Delegates from the European Union (it's true) walked out. Nine countries (including Israel, the USA, and Canada) had previously announced that they would boycott the conference, which they did.
But not the United Kingdom.
In three weeks' time the Durban hatefest will meet again, this time in the city of New York. It will come to order just two days after the much-trum
peted initiative by Palestinian Authority president Mahmoud Abbas to obtain the endorsement of the UN's General Assembly for his promised declaration of Palestinian statehood.
The proximity of the two events -the Durban process and the General Assembly meeting - is no coincidence: the sponsors of Durban hope for a better turnout in 2011 than in 2009. But the intention is just the same.
Leaving aside, for the moment, the venomous charade of the Durban process, we need to ask why the General Assembly is permitting itself (willingly, I might add, if not enthusiastically) to be bothered -now - with Palestinian ambitions for statehood. After all, it is not within the powers of the General Assembly to create states and, in any case, I seem to remember that a second Palestinian state (the first being Jordan, of course) had been proclaimed by the late Mr Arafat in the fair city of Algiers as long ago as 1988. And even if (as seems inevitable) the General Assembly endorses this re-proclamation the pundits tell me that in the Security Council it will be vetoed by the USA.
On July 18, in the course of a personal meeting, I asked Foreign Office Minister Alistair Burt whether the UK would follow suit.

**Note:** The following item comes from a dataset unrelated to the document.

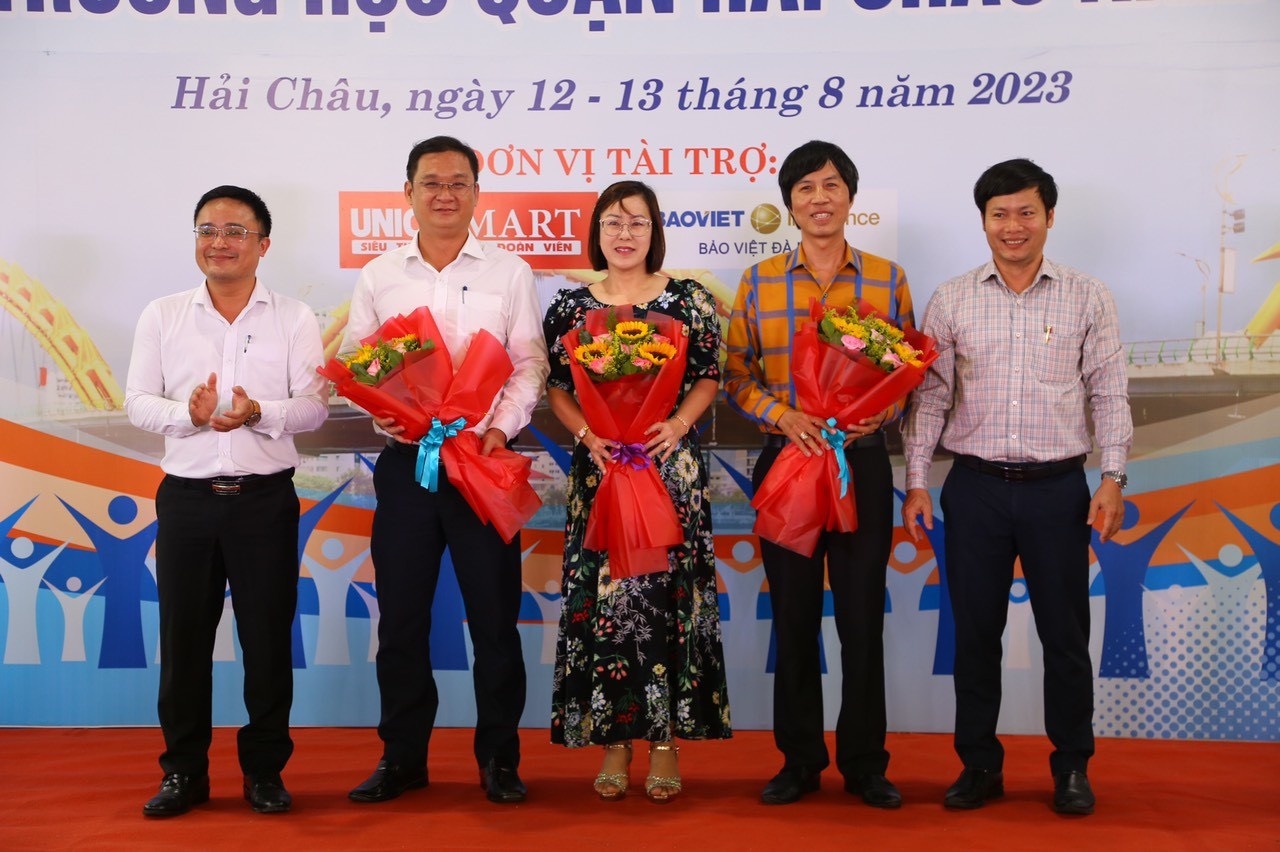 LĐLĐ quận Hải Châu: Sôi nổi hội thi đồng diễn thể dục giữa giờ LĐLĐ quận Hải Châu: Sôi nổi hội thi đồng diễn thể dục giữa giờ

He assured me that Her Majesty's government had neither ruled it out nor ruled it in. Well, I am not holding my breath, and neither should you.
But I know - and I suspect that Mr Burt knows - that nothing Mahmoud Abbas can do, even with General Assembly endorsement, can change realities on the ground. Indeed I suspect that Mr Abbas knows this too.
I suspect, rather, that what he and his entourage have in mind is the opportunity that a debate and vote in the General Assembly will bring to further denounce and delegitimise the Jewish state. I suspect – in other words - that what we shall be treated to in the General Assembly will be an international rant themed around the racialised defamation of Zionism.
And so we come to the Royal Burgh of St Andrews, and the hefty blow against that defamation that was struck, in that Royal Burgh, by Sheriff Charles Macnair. Last March a St Andrews university student carried out a vulgar desecration of an Israeli flag that he had come upon in the room of a fellow student who happened to be Jewish. Last month Sheriff Macnair judged such a desecration to have amounted to a racially aggravated attack.
It's not Zionism that is racist, but anti-Zionism. That was the lesson delivered in the Royal Burgh of St Andrews. Let us hope that the message carries, via the Foreign Office in London, to the City of New York.